Senza l’avversario non c’è gioco
Parte oggi “La mente in campo”, la rubrica del Prof. Alberto Cei, psicologo dello sport. Perché nel calcio — come nella vita — la testa fa la differenza. Primo appuntamento sul tema del calcio e della gratitudine verso chi ci mette alla prova.

Nell’inaugurare questa nuova collaborazione con Sport del Sud mi piace partire dall’idea che il calcio è molto di più della partita della domenica. E’ divertimento e sfida, collaborazione e coraggio.
Il calcio si può giocare ovunque e la palla è magica perchè si presta a farsi guidare da un bambino come da un campione, la palla permette di esprimere i nostri sogni e dopo ogni errore è ancora lì per un’altra volta.
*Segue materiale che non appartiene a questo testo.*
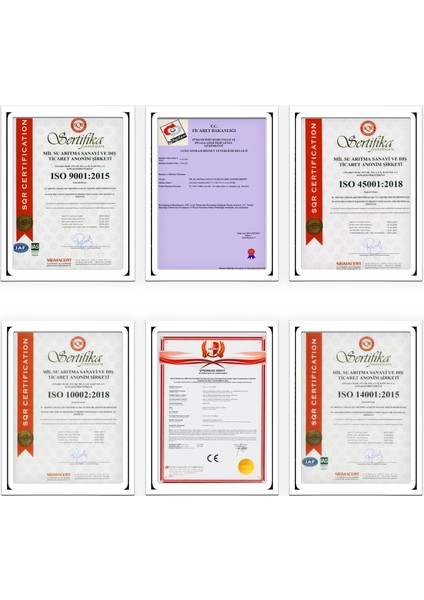 Kapalı Kasa Su Arıtma Cihazı 12'li Filtresi Standart Membran Set
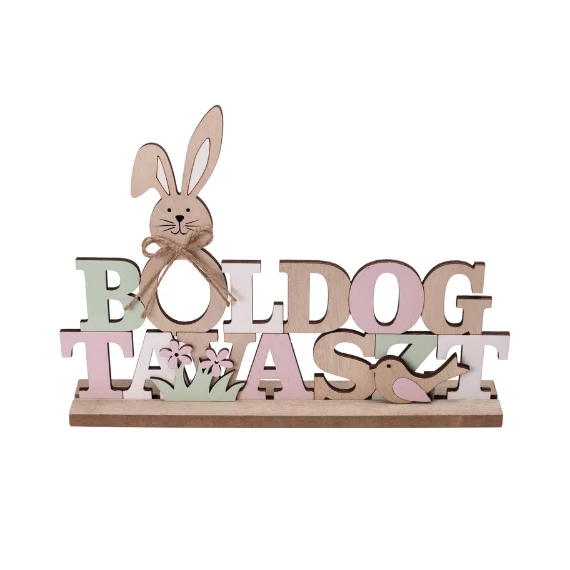 Dekoráció fa Boldog tavaszt felirattal 28x18 cm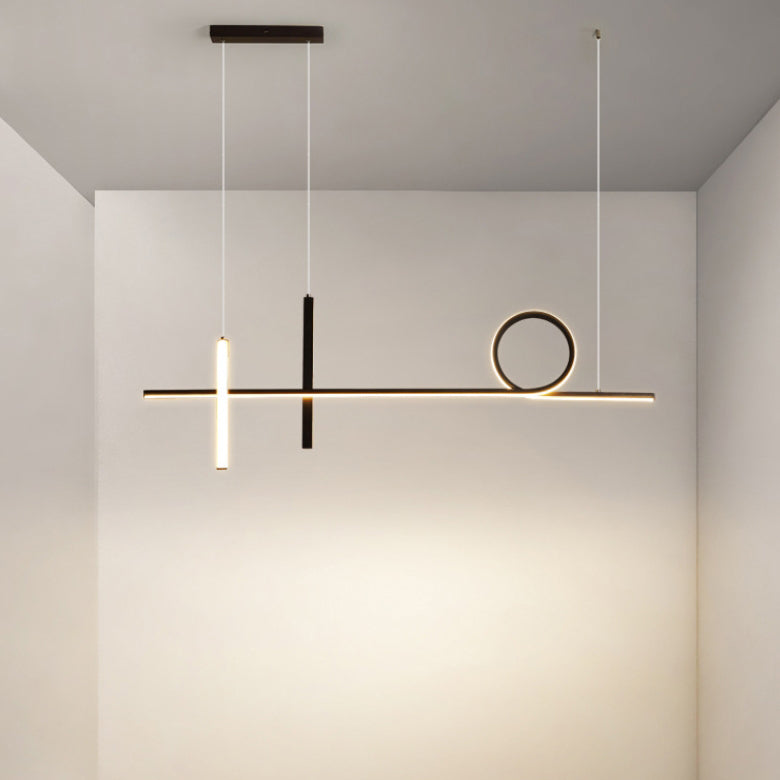 Modern Minimalist Long Strip Circle Acrylic Aluminum Iron LED Chandelier Island Light for Dining Room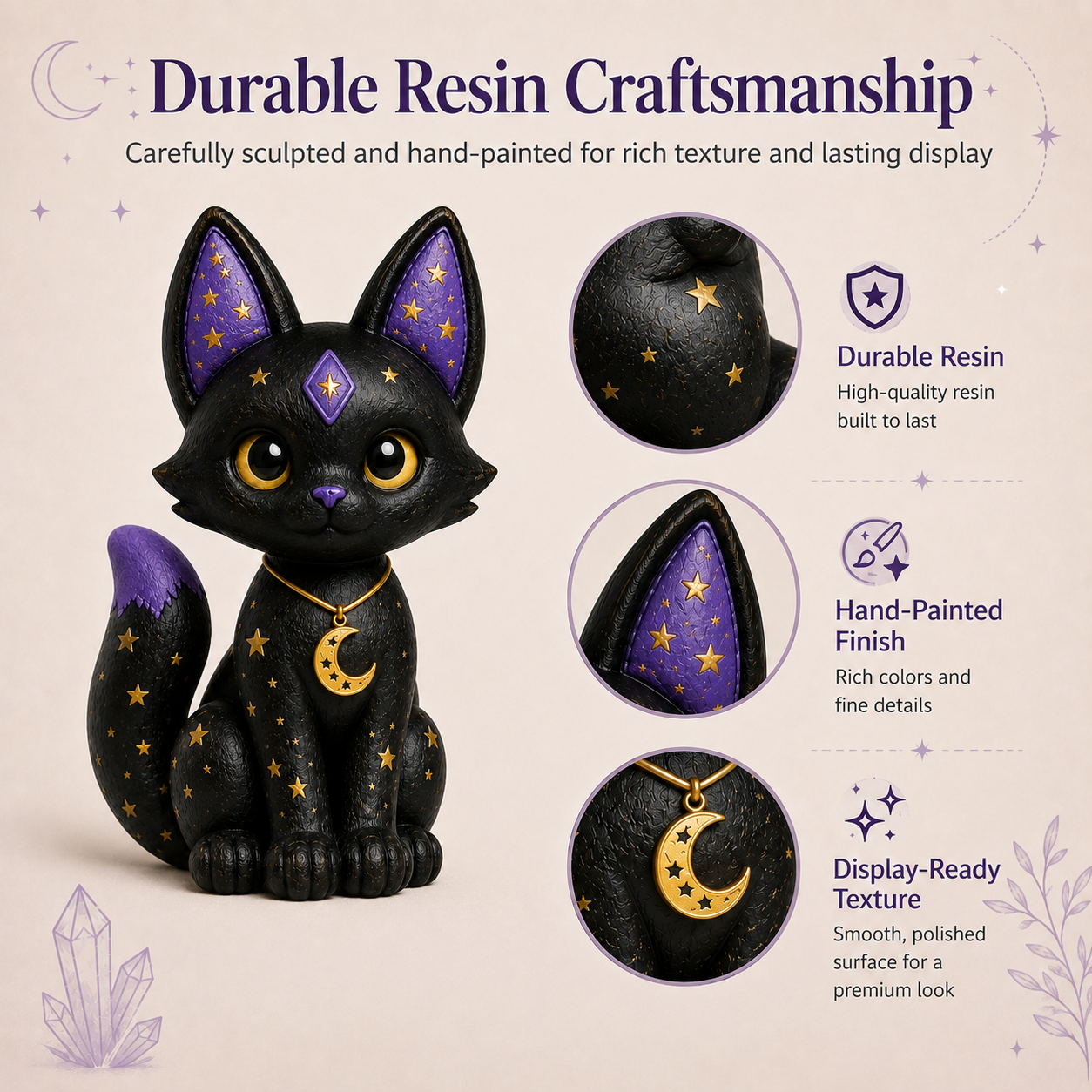 Mystic Moon Black Cat Resin Figurine 🌙🐈‍⬛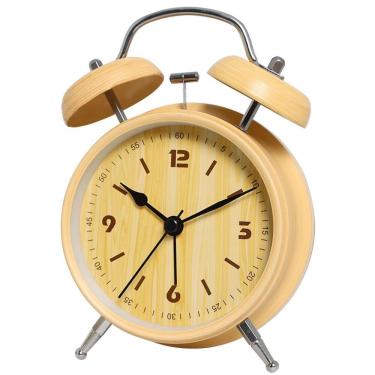 Imagem de Despertador Vintage Twin Bell Metal Wood Grain Design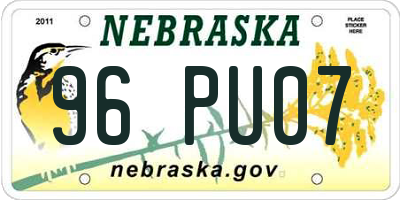 NE license plate 96PU07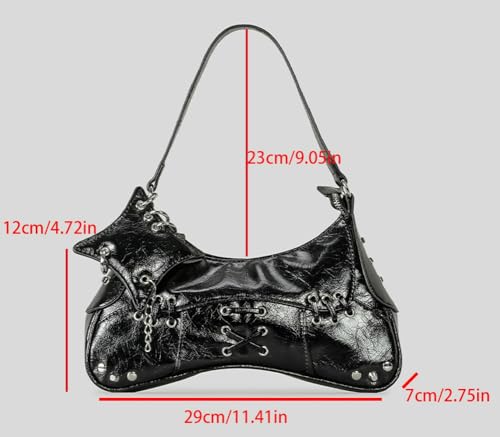 Rungion Studded Purses Y2k Shoulder Bag for Women Small Crossbody Bag Trendy Vegan Leather Handbag Underarm Satchels2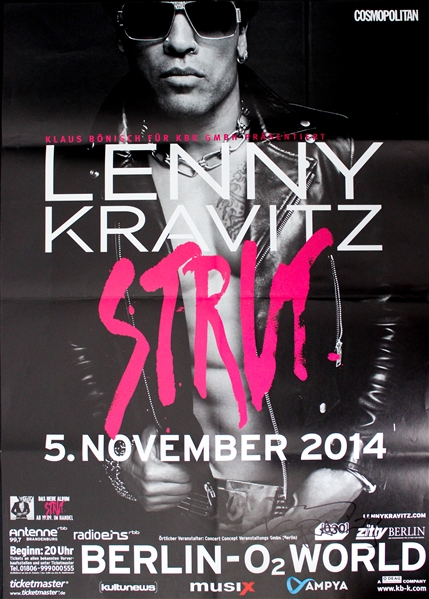 Lenny Kravitz Signed RARE 2014 Full Sized 24" x 36" German Concert Poster (ACOA)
Il calcio è uno sport che insegna a chi vuole imparare che non bisogna lasciare nulla d’intentato, perchè come diceva Renato Cesarini, di rimpianti si muore. I primi due calciatori di cui ho ricordo sono Omar Sivori e Gigi Meroni, due esempi di coraggio e di creatività estrema.
Oggi il calcio ha preso nella maggior parte del mondo un’altra strada privilegiando l’atletismo, la forza e la tattica a dispregio dello sviluppo delle qualità più personali di un giocatore che riguardano la tecnica, la sua individualità in un contesto collettivo e il desiderio di giocare al meglio sino alla fine della partita e non in funzione del risultato. Mi piacerebbe che i giovani calciatori potessero esprimersi più liberamente sul campo, che imparassero sviluppare il loro istinto di gioco, che gli venisse insegnato che si diventa dei bravi calciatori solo sbagliando e correggendosi continuamente e che gli avversari vanno sempre ringraziati perché con il loro impegno forniscono l’occasione di d’imparare e migliorare.
Senza la squadra avversaria il calcio non sarebbe stato definito come il più bel gioco del mondo. Ricordiamocelo tutti.